Short web captions
▬▬▬▬▬▬▬▬▬▬
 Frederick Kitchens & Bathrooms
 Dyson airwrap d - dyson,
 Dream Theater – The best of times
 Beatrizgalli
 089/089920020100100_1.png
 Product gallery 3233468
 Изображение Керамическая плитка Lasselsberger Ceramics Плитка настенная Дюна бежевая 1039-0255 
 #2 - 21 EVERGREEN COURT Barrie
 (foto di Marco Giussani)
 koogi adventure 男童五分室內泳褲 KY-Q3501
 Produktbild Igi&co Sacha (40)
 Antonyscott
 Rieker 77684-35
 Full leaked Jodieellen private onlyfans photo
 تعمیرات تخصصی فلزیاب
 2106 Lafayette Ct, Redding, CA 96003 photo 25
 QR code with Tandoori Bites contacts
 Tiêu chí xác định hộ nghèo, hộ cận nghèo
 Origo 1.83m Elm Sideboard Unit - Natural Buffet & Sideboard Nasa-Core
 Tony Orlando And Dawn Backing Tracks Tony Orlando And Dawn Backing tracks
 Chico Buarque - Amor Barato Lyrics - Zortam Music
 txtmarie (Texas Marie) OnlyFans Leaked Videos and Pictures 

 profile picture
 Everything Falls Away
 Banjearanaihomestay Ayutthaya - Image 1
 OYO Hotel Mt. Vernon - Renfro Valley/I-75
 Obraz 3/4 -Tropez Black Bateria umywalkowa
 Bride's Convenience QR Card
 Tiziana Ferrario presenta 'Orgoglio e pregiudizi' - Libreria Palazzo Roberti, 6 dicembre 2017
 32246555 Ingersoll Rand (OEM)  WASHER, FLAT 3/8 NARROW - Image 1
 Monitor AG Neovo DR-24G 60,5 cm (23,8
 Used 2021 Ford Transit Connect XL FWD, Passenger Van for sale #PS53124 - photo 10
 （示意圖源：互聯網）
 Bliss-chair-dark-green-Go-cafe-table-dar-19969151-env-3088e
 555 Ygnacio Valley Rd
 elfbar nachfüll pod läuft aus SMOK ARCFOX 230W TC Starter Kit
▬▬▬▬▬▬▬▬▬▬
# [Task details]
If a line in the entries contains "Image", copy it.

# [Result]
 Banjearanaihomestay Ayutthaya - Image 1
 32246555 Ingersoll Rand (OEM)  WASHER, FLAT 3/8 NARROW - Image 1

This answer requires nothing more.